The Speed of the Crowd

/The Speed of the Crowd
The Speed of the Crowd 2015-11-14T01:18:07+00:00

 

Mat Rogers’s paintings present the sublime anonymity of the urban condition, with its simultaneously liberating and alienating effects, its freedom and its loneliness. This is represented, here, through scenes of crowds, in various modes and speeds of movement. All of the scenes are observed from an elevated position, with a detached eye that looks dispassionately down, seeking grain and texture, the pattern within an ever-shifting dynamic system. It selects instants and then frames them, freezes these complex interlocking tracks and trajectories, into moments of proximity and propinquity and abstract formal relation.

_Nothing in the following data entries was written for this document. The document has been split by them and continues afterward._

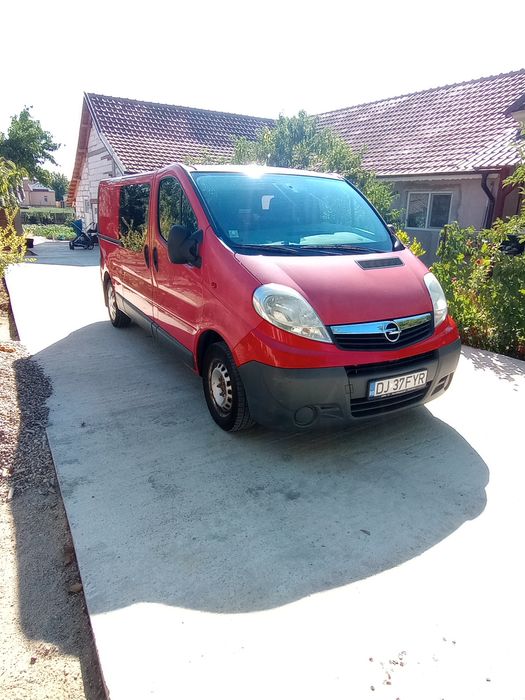 Opel Vivaro 2.0 CDTI, 122036km, 2008, model lung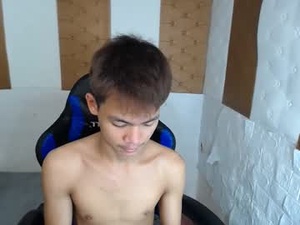 Screenshot from urhotpinoy_izaac webcams
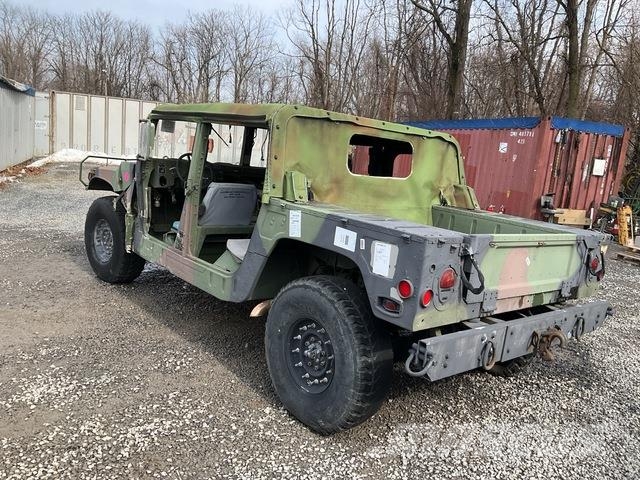 AM General M1097R1 Пикапи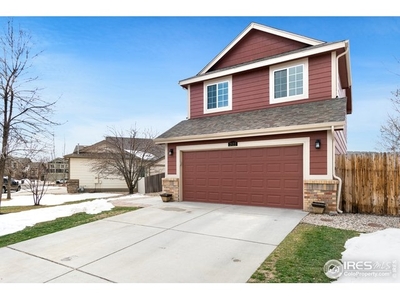 2122 Redhead Dr, Johnstown, CO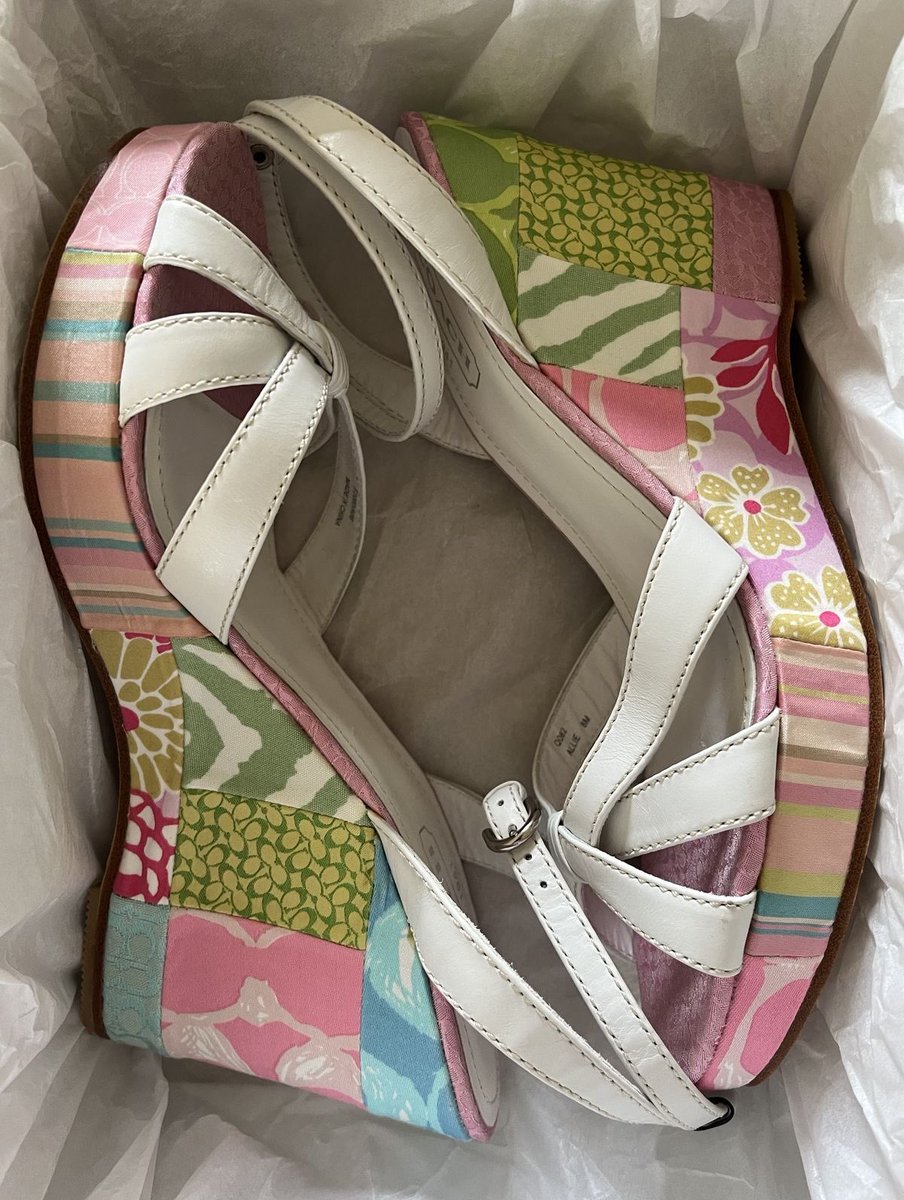 DollhouseBimby's tweet photo. Pink and green are such cute colors together🌷 https://t.co/rWeZEUmOFO
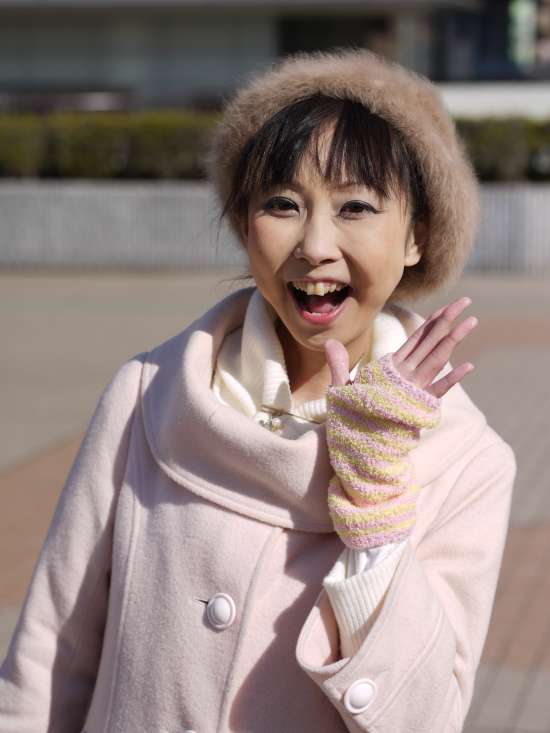 演歌アイドル、あいりりん・千原愛理さん。2013年(平成25年)2月、ふなばし駅前ふれあいフェスタにて撮影。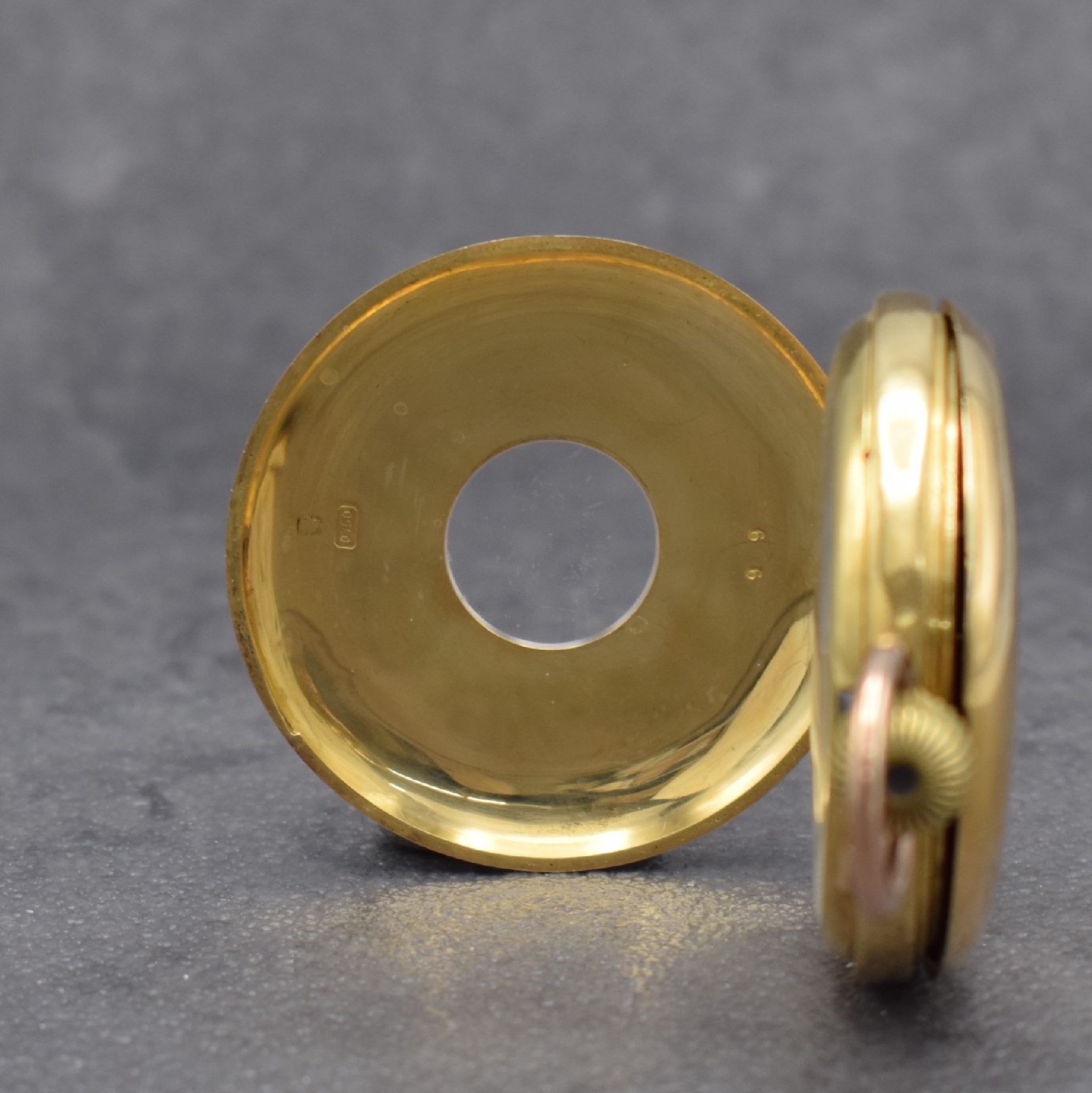 Detail a: Halbsavonette in GG 750/000, Schweiz um 1900, 3-Deckel Goldgeh. dell., Emailzifferbl. m. röm. Zahlen, Birnenzeiger, Sprungdeckel m. röm. Zahlen, ...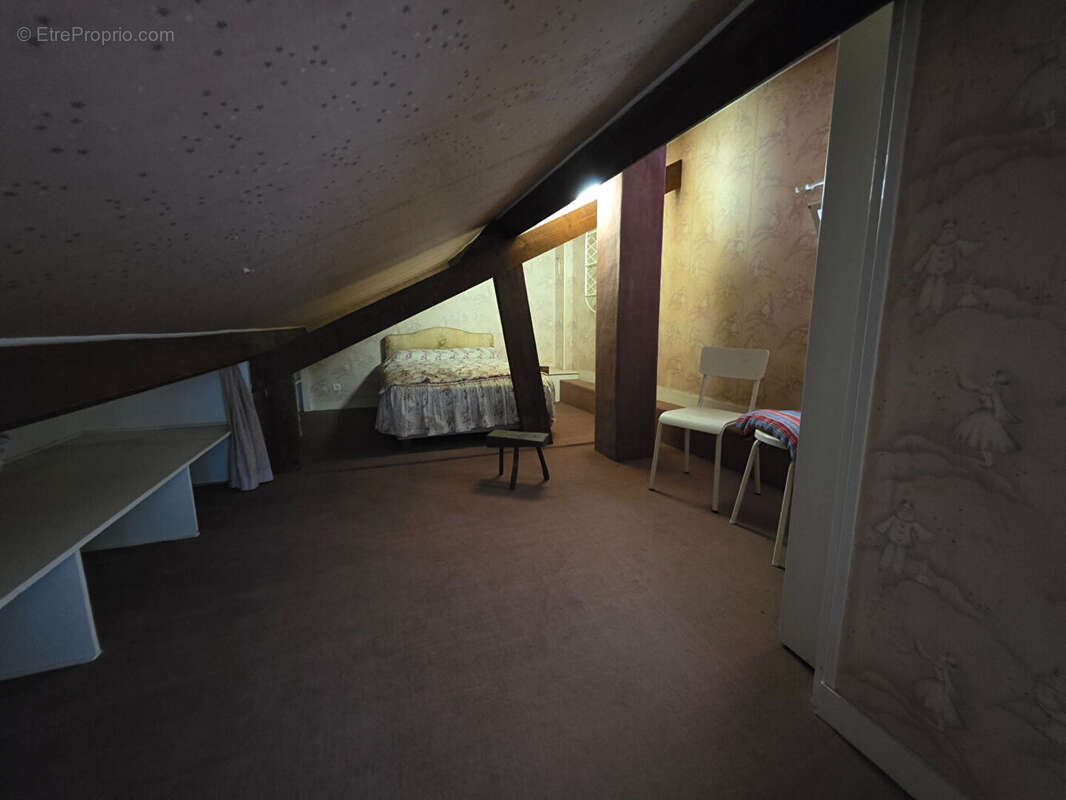 Maison à ANGLES-SUR-L&#039;ANGLIN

Rogers frames the syncopated rhythms of urban life, the pace and the stillness, the urgency and the calm.

Rarely do the solitary figures in these paintings address one another, indicate any relation or intimacy, incline together. Rogers shows us the loose camaraderie of strangers in a mass, and the compositions that open and close instantaneously with their passage. He captures the state of being alone within an urban crowd: the runner, the newspaper reader, the figure who waits, abstractedly, to cross the street.

But there is also an attention to the space between, the absence where someone has just stepped away, the field around and between these bodies as they move through space. And in the same way, Rogers meanders between abstraction and figuration. His paintings hold to the human figure just as they erode it, rub it away, efface and blur and paint it over.

The process of making the paintings is one of subtraction, of figures painted and sanded away and then painted again, taking on different configurations and comportments each time. Sometimes by the end there is barely a figure left at all; what remains is a vestige, a patinaed surface with the linear, scratched quality of an etching. There is a play, then, between the gritty texture and depth of the figures, and the glossy, flat surface of the colour field between them. But throughout the series, the human figure remains ever present. Whether as a solid, drawn body, or a faint dark trace hovering beneath a coloured surface, or a series of abstracted bobbing heads, floating as through fog or haze, or, finally, as a silhouetted restless line – the figure, that link to the world, always endures.